Check out Apple’s full iOS 10 preview for more. In spite of the expanded enterprise capabilities, Ginevan said iOS still has work to do. One of the biggest requests MobileIron has gotten from enterprise customers is the need for better data separation in “prosumer” apps—apps available in the App Store that can be used for personal and work tasks.
“The challenge today is that the iOS Managed Apps security frameworkembedded in iOS allows enterprises to protect their app data, but assumes that all data stored in the app is for work, when in fact some of it might be for personal use,” said Ginevan. “Some app vendors try to address this issue themselves by implementing proprietary, app-specific security controls. This is not a scalable approach, and it results in less app choice and more deployment complexity for IT. Other operating system security frameworks, like Android for Work, allow the enterprise to protect just the enterprise data in the app, which provides a consistent security model regardless of the apps chosen.”
Apple and Cisco’s Revamped Mobile Enterprise
Beyond the features above, arguably the biggest enterprise impact in iOS 10 comes from Apple’s ongoing partnership with Cisco, which has three main components: Cisco’s “Fast Lane” to give network priority to business apps, unified enterprise communications and business VoIP, and team collaboration functionality. Jonathan Rosenberg, Vice President and CTO of Collaboration at Cisco, gave PCMag a rundown on how the Apple/Cisco partnership will play out in iOS 10.
- Fast Lane: “Fast Lane is a lot more about policy than anything else. The problem we’re trying to solve is people bringing their iPhone to the office and it ends up on the guest network even if they’re using a mission-critical app written by IT,” said Rosenberg. “With Fast Lane, an enterprise admin can configure these apps to receive priority treatment on the network.”
- Business Communication: “How do you make your iPhone a first-class business phone in the office? Right now employees go outside the enterprise PBX. They’re not leveraging VoIP. Cisco Spark is one of the first application built on top of the new Callkit API,” said Rosenberg. “The biggest problem it solves is that if you receive an incoming call and your phone is locked, you have to tap the phone, unlock it, wait for the app to launch…that’s now been fixed. With apps like Cisco Spark you can swipe to answer and unlock and jump right into a call.”
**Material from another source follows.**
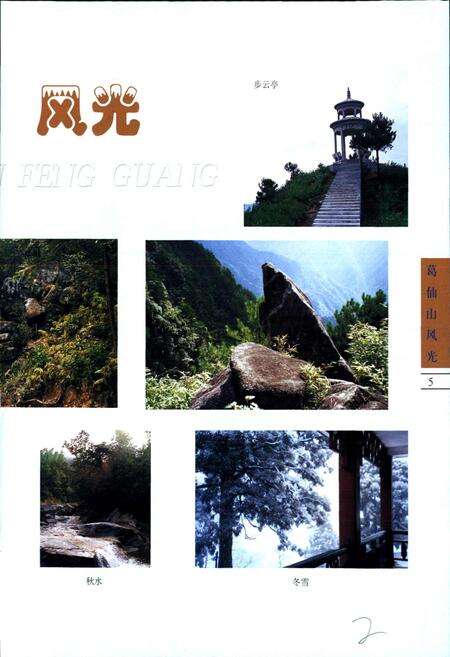 《葛仙山志》.pdf_江西省志预览图5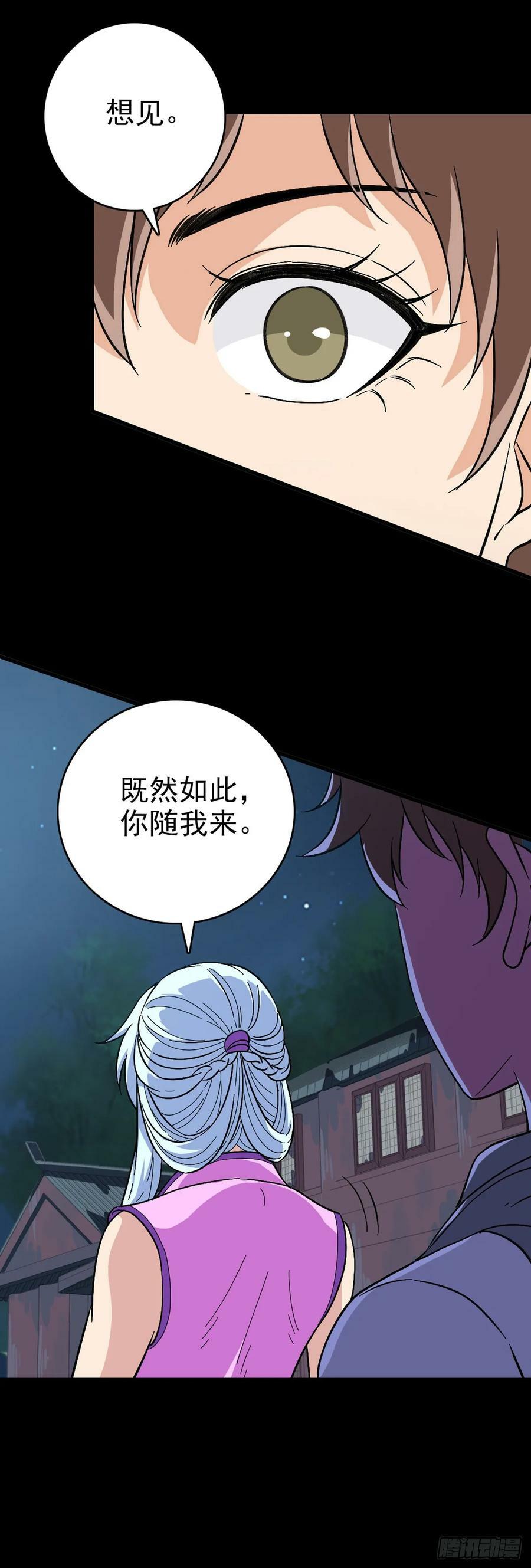 露出破绽9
- Collaboration Apps and VoIP: The partnership also extends to apps like Cisco Jabber and Cisco WebEx for business videoconferencing. Rosenberg said enterprise VoIP apps have struggled on mobile largely due to convenience, but through the partnership he said the big benefits will be in cost savings and better compliance. “You can now use the native iOS interface, and you’ll effectively be using the enterprise VoIP app. Same for outbound calling—dial from the address book and that will now launch you into a Cisco Spark VoIP call,” said Rosenberg.
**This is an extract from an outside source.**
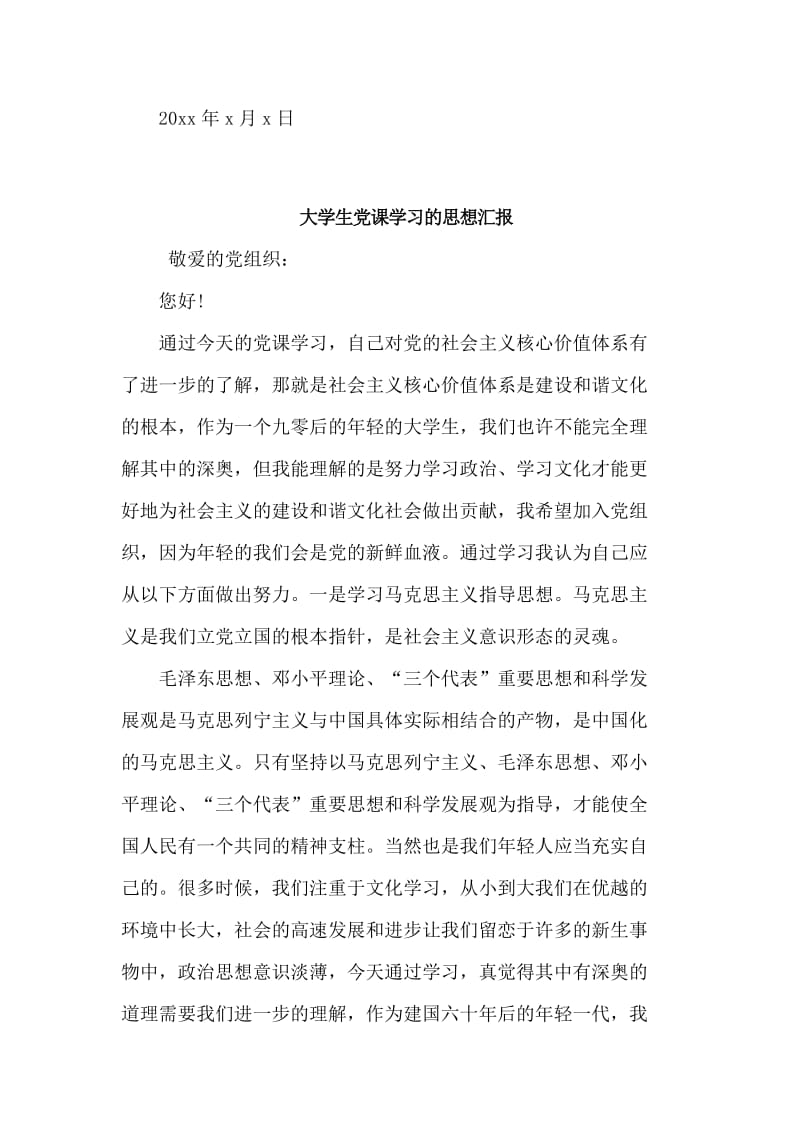 3篇大学生党课学习的思想汇报合集.doc_第3页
“What does the enterprise get? They’re going to save some money,” he added. “All those minutes of employees at their desks making calls, those are going to start turning into VoIP calls. It’s great for international calling, and makes Wi-Fi calling easier on the road.
“The other big benefit will really be around compliance. Those calls will now go through your corporate PBX and give you things like call detail record in the event of a data breach. But outside of IT, it’s about putting compliance all in the same place. Industries like finance have legal requirements to block certain users, which they were never able to enforce with iPhone calling. Now they can.”